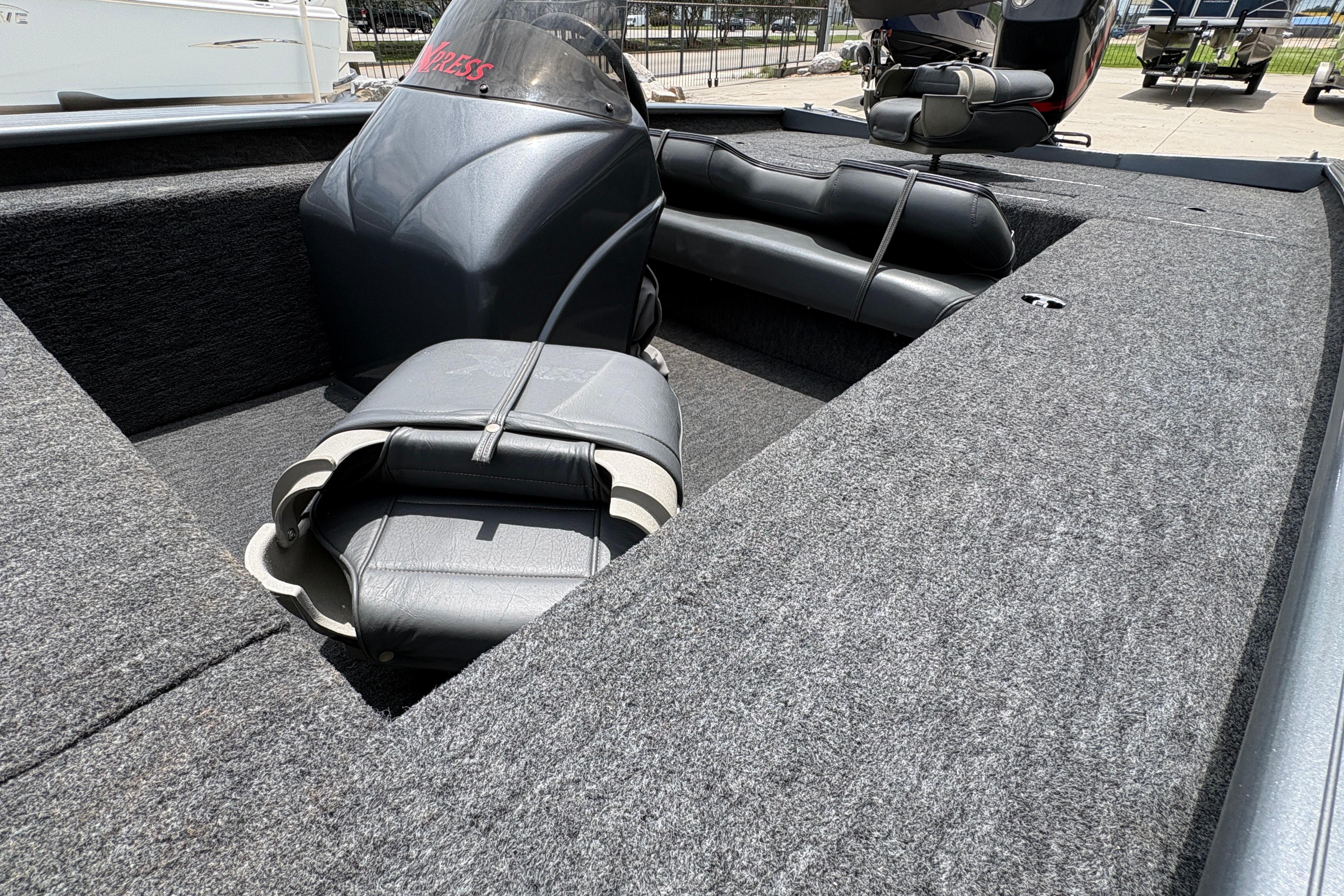 Interior of a 2000 Xpress X18 boat with seating and carpeted flooring.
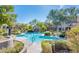 Resort-style community pool with lush landscaping, comfortable seating, and a shaded cabana at 19475 N Grayhawk Dr # 1039, Scottsdale, AZ 85255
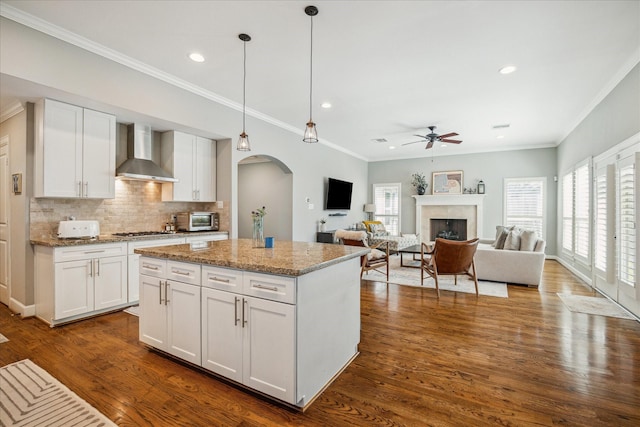 kitchen featuring dark wood-type flooring, wall chimney range hood, stainless steel gas cooktop, a fireplace, and arched walkways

++++++++++++++++++++

* Aim of the exercise
Once the pictures are set aside, give every line above again without alteration.

* Result for this task
 Interior of a 2000 Xpress X18 boat with seating and carpeted flooring.
 Resort-style community pool with lush landscaping, comfortable seating, and a shaded cabana at 19475 N Grayhawk Dr # 1039, Scottsdale, AZ 85255
 kitchen featuring dark wood-type flooring, wall chimney range hood, stainless steel gas cooktop, a fireplace, and arched walkways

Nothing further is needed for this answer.